Fang Cheng Bao Bao 8

Large three-row off-road SUV · BYD's Fang Cheng Bao adventure sub-brand · DMO super-hybrid with Huawei ADS 3.0 — imported to order in the UAE (EVPlus, 2026).

Everything a UAE buyer asks about the Fang Cheng Bao Bao 8, in one place. Fang Cheng Bao (方程豹) is BYD's rugged off-road / adventure sub-brand, and the Bao 8 — also badged Leopard 8 — is its flagship large three-row SUV, launched in China in November 2024 (CarNewsChina, 2024). It is a plug-in-hybrid off-roader on the DMO 'super hybrid' platform with a 2.0T engine, twin motors and Huawei's Qiankun ADS 3.0 driver-assist (CnEVPost, 2024). There is no official Fang Cheng Bao dealer in the UAE, so a Bao 8 in Dubai today is a grey/parallel import — exactly the gap EVPlus fills by importing the car to order against China-market spec. It is not in our live stock, so we quote it imported-to-order, never as 现车. Every figure is source-cited.
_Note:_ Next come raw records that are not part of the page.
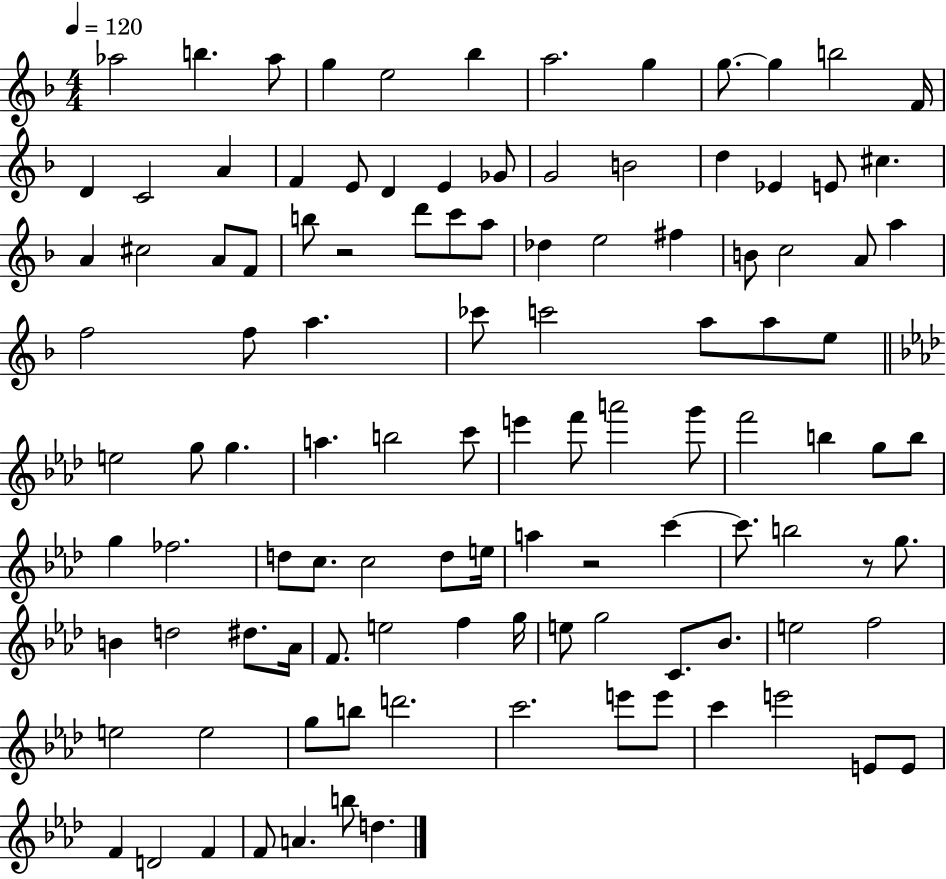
X:1
T:Untitled
M:4/4
L:1/4
K:F
_a2 b _a/2 g e2 _b a2 g g/2 g b2 F/4 D C2 A F E/2 D E _G/2 G2 B2 d _E E/2 ^c A ^c2 A/2 F/2 b/2 z2 d'/2 c'/2 a/2 _d e2 ^f B/2 c2 A/2 a f2 f/2 a _c'/2 c'2 a/2 a/2 e/2 e2 g/2 g a b2 c'/2 e' f'/2 a'2 g'/2 f'2 b g/2 b/2 g _f2 d/2 c/2 c2 d/2 e/4 a z2 c' c'/2 b2 z/2 g/2 B d2 ^d/2 _A/4 F/2 e2 f g/4 e/2 g2 C/2 _B/2 e2 f2 e2 e2 g/2 b/2 d'2 c'2 e'/2 e'/2 c' e'2 E/2 E/2 F D2 F F/2 A b/2 d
Specs are transcribed from our brand catalogue; every figure carries an inline source and year.

Reliability & heat tolerance

The Bao 8 is a plug-in hybrid, so it carries a smaller 36.8 kWh BYD Blade pack — lithium iron phosphate / LFP (CarNewsChina, 2024). LFP is the more heat-tolerant chemistry: thermal runaway triggers near 270°C versus about 210°C for NMC (Battery Design, 2024) — an honest advantage in a 50°C market. The pack is liquid-cooled and sealed to at least IP67 against sand (Large Battery, 2025). Because it can also run on petrol, range anxiety in summer heat is far lower than on a pure EV (Recurrent, 2024).
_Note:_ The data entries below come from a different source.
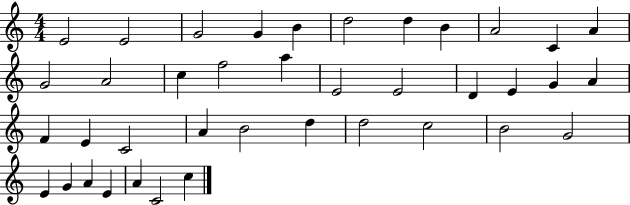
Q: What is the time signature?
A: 4/4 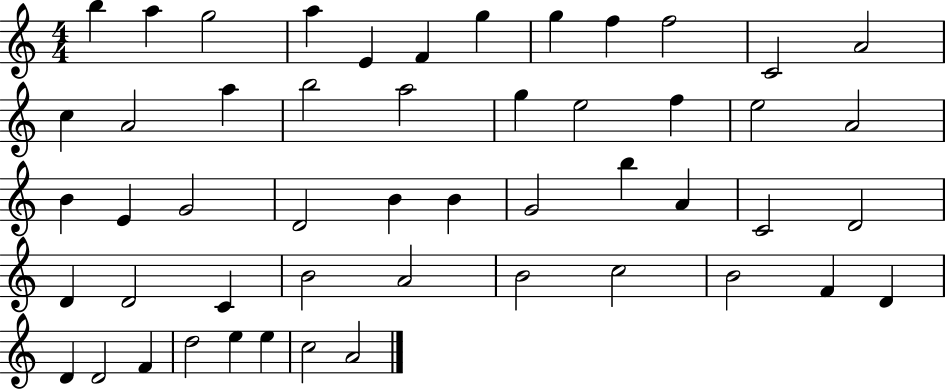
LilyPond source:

{
  \clef treble
  \numericTimeSignature
  \time 4/4
  \key c \major
  b''4 a''4 g''2 | a''4 e'4 f'4 g''4 | g''4 f''4 f''2 | c'2 a'2 | \break c''4 a'2 a''4 | b''2 a''2 | g''4 e''2 f''4 | e''2 a'2 | \break b'4 e'4 g'2 | d'2 b'4 b'4 | g'2 b''4 a'4 | c'2 d'2 | \break d'4 d'2 c'4 | b'2 a'2 | b'2 c''2 | b'2 f'4 d'4 | \break d'4 d'2 f'4 | d''2 e''4 e''4 | c''2 a'2 | \bar "|."
}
Start with what the Bao 8 actually is: a plug-in hybrid (PHEV) off-roader, not a pure EV. It uses a 2.0T petrol engine alongside its electric motors, and carries a 36.8 kWh BYD Blade battery — BYD's cell-to-pack lithium-iron-phosphate design — for 100 km of WLTC electric-only range and a ~1,200 km CLTC combined range (CarNewsChina, 2024). That chemistry matters in the Gulf: LFP is the more heat-tolerant option. Its structure stays stable and does not shed oxygen, with thermal runaway near 270°C, while many NMC cells begin decomposing near 210°C (Battery Design, 2024). The Blade format also passes BYD's nail-penetration test without fire (BYD, 2024). On a heavy off-road SUV in 50°C, a heat-stable LFP pack is a meaningful reassurance.

Day-to-day, normal driving heat is handled by the cooling system, not the cells — the Bao 8's Blade pack is liquid-cooled, which matters more in the UAE than the enclosure itself (Recharged, 2025). And because the Bao 8 is a hybrid, the engine can keep you moving when the battery is low or hot, so the summer 'range loss' that worries pure-EV buyers is largely a non-issue here: the headline 1,200 km combined range leans on fuel, not just the 36.8 kWh pack (CarNewsChina, 2024). The DC fast-charge derate above about 45°C ambient (EV Engineering Online, 2025) still applies to the electric range, but it matters less when petrol is the backstop.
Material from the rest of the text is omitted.